# WHAT IS NEEDED
The reply should hold only the lines from the one with "Heron Preston Block" to the one with "BLIPPI- Kit Escolar 2025 (Lina Criativa)", both ends kept, exactly as they appear below, without any pictures.

# SUPPLIED DATA
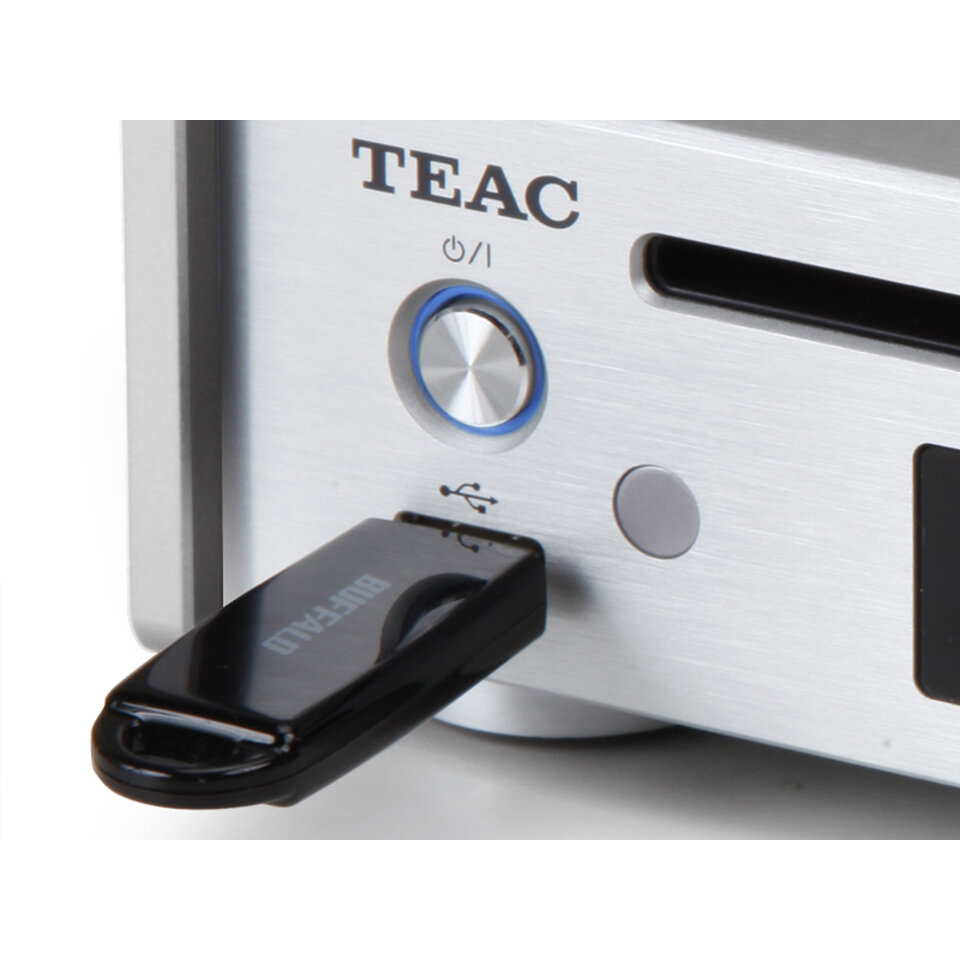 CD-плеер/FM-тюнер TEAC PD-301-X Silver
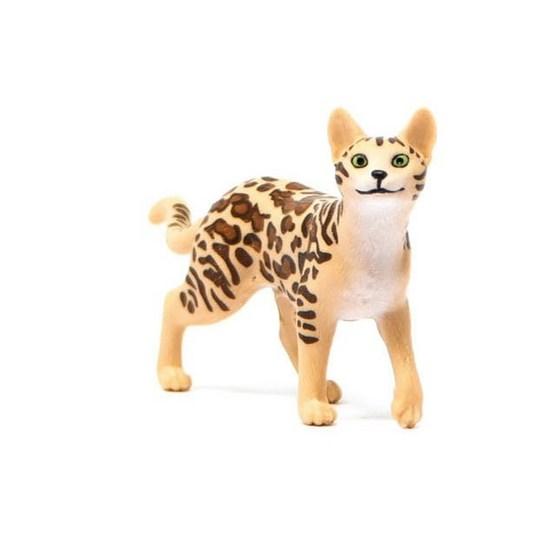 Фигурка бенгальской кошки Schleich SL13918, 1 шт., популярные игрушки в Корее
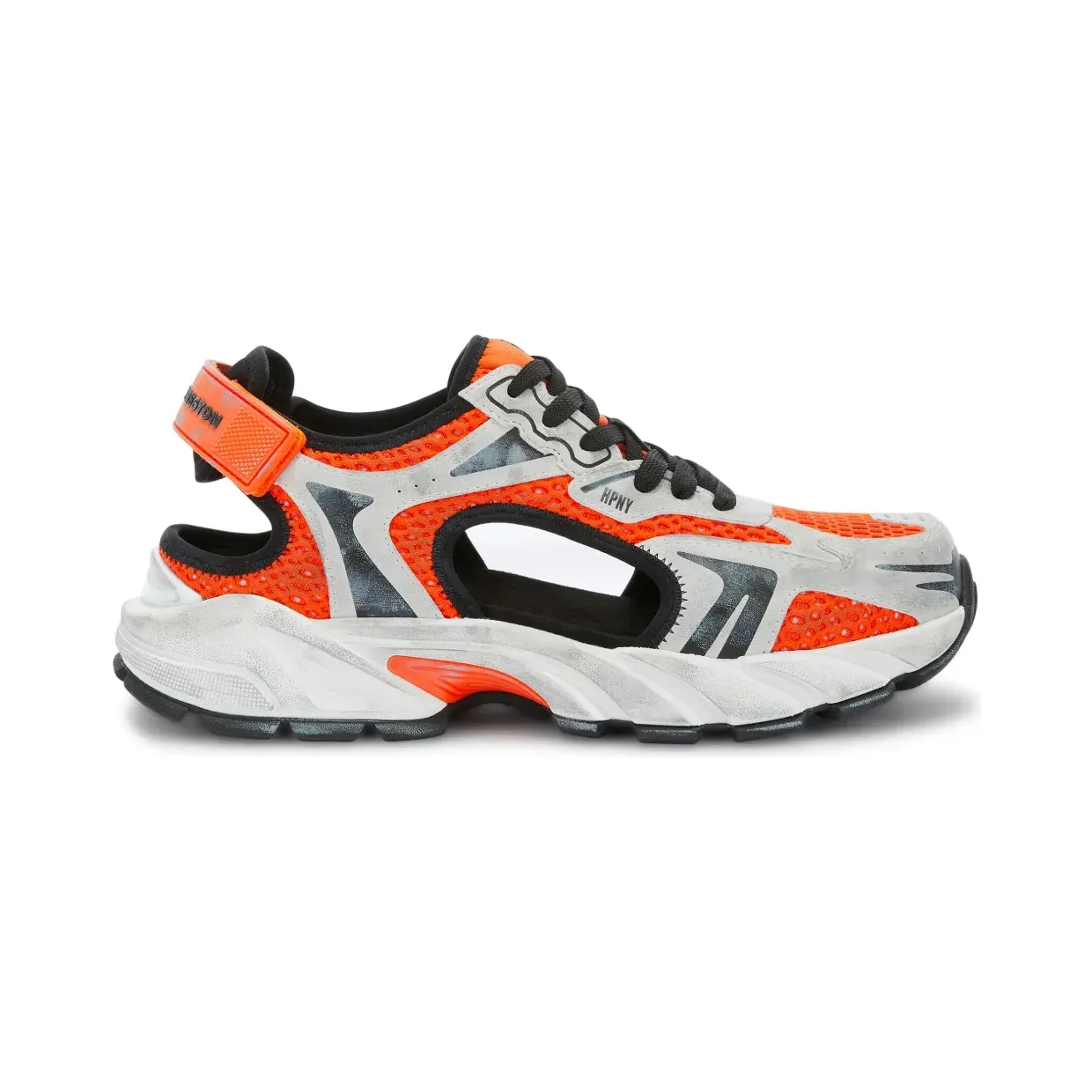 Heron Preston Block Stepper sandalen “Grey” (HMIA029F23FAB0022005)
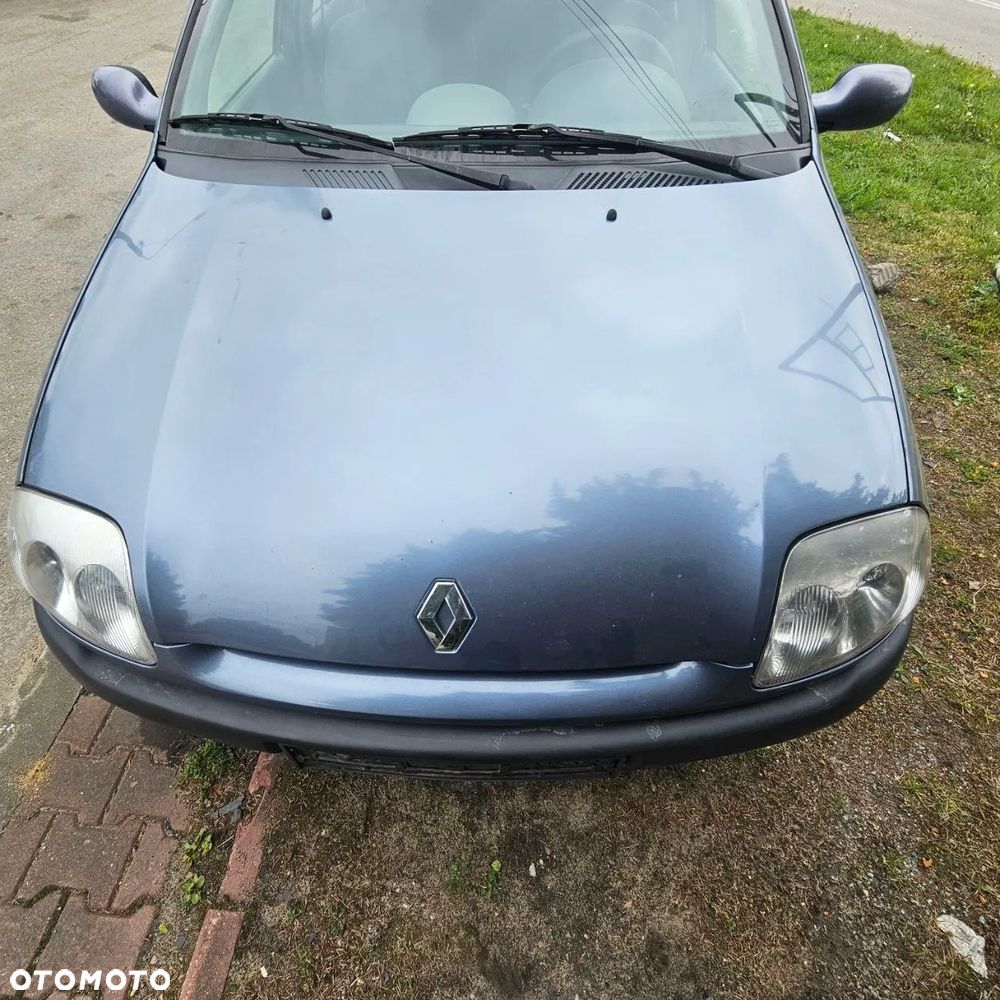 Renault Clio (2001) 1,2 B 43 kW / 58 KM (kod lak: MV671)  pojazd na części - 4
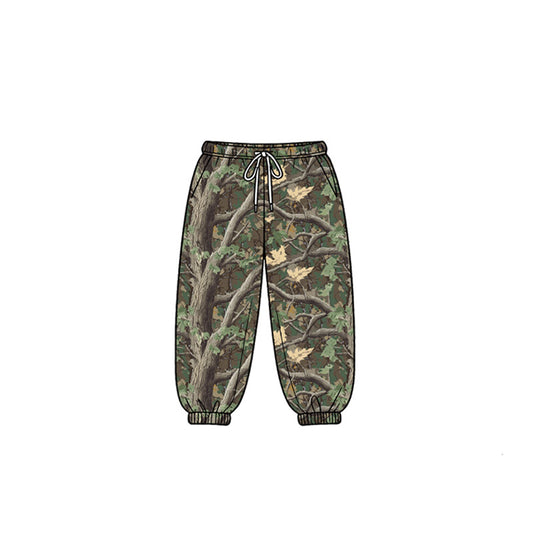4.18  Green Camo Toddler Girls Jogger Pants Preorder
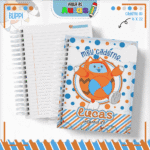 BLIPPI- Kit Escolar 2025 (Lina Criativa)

...

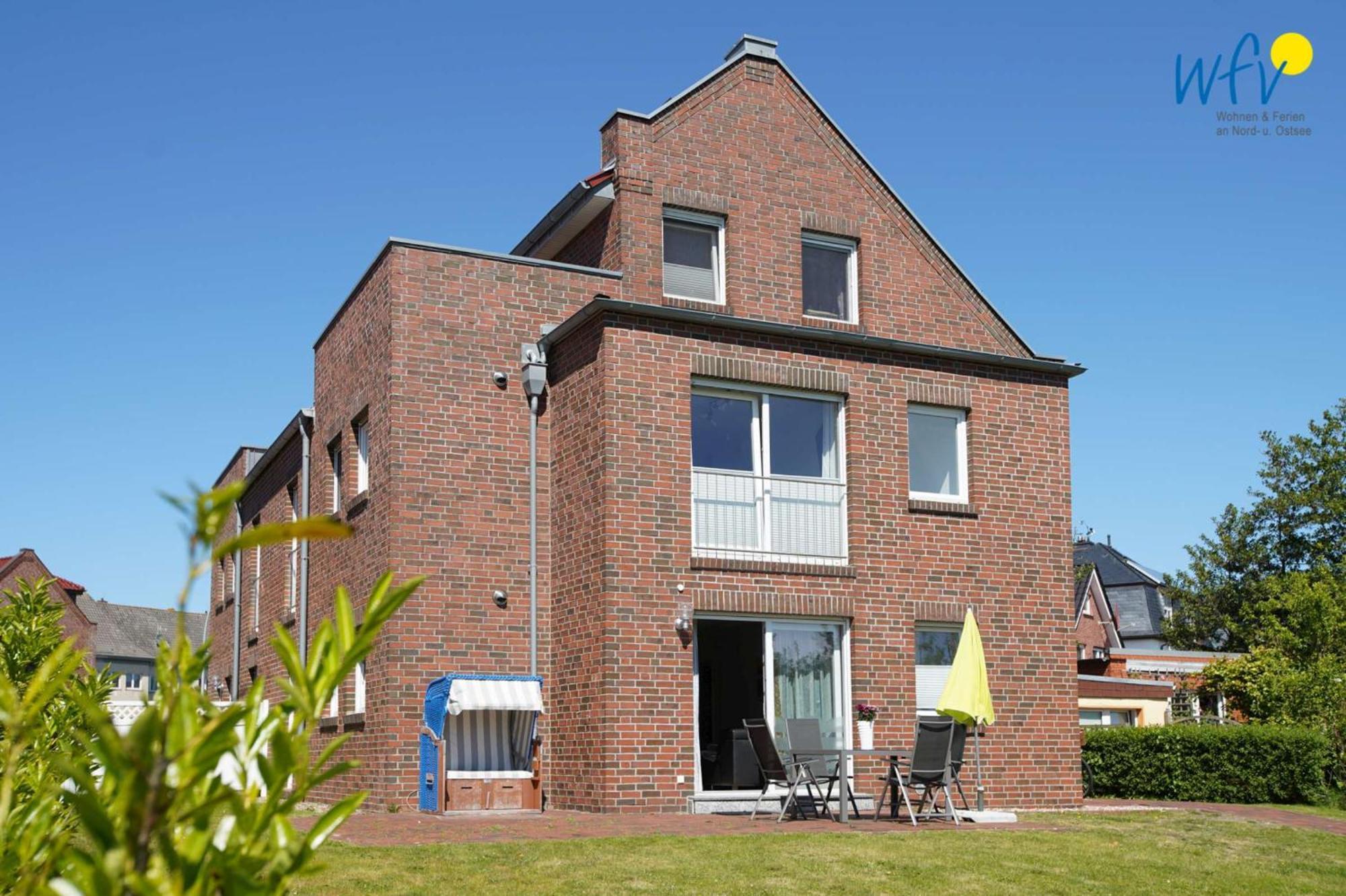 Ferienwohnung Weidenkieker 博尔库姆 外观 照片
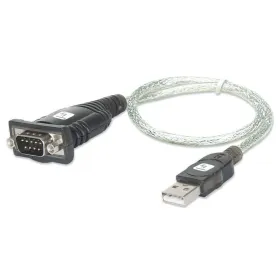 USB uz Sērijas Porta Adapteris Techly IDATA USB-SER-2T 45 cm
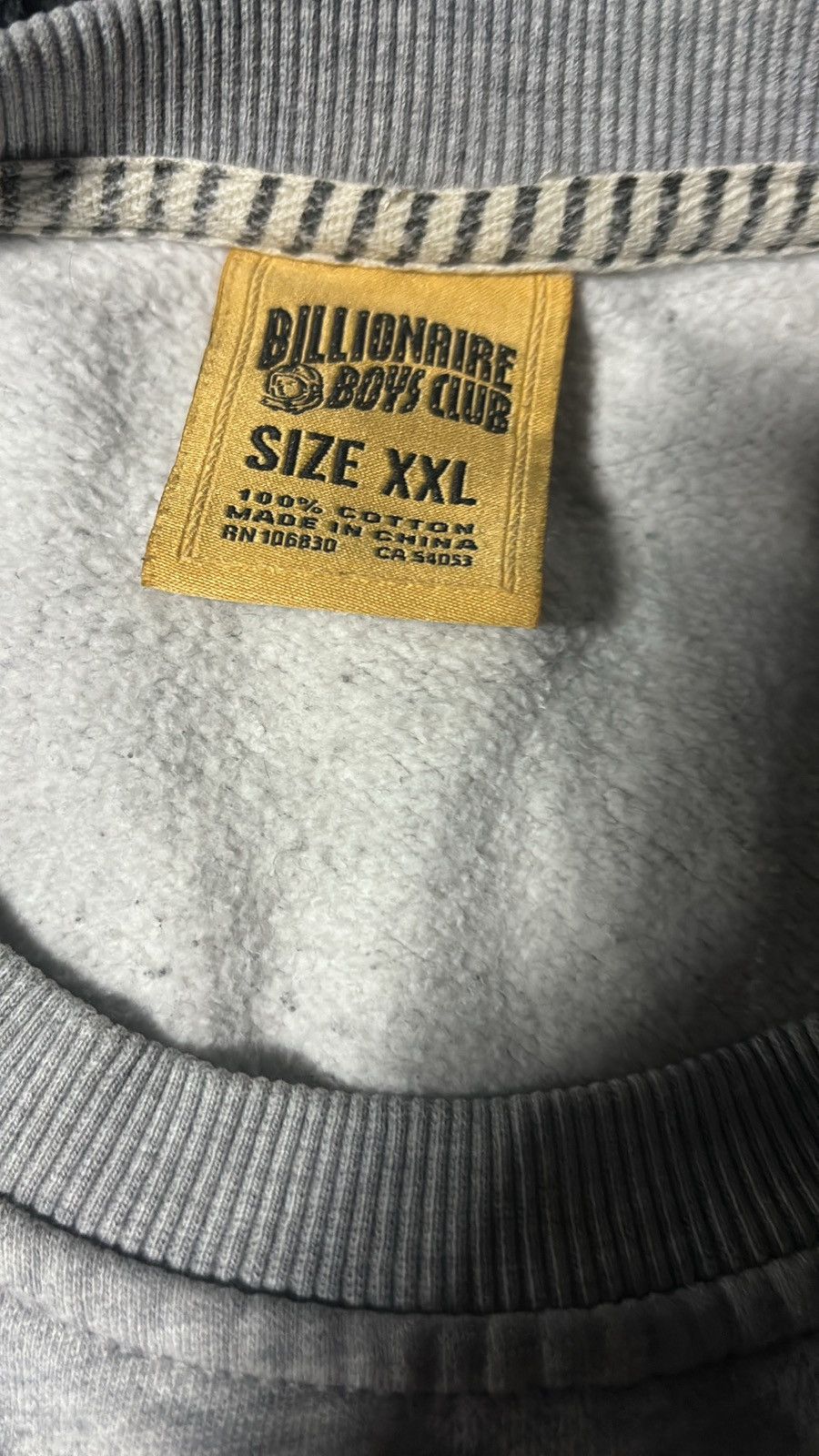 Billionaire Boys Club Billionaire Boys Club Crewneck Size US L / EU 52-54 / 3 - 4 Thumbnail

# RESULT OF THIS TASK
 Heron Preston Block Stepper sandalen “Grey” (HMIA029F23FAB0022005)
 Renault Clio (2001) 1,2 B 43 kW / 58 KM (kod lak: MV671)  pojazd na części - 4
4.18  Green Camo Toddler Girls Jogger Pants Preorder
 BLIPPI- Kit Escolar 2025 (Lina Criativa)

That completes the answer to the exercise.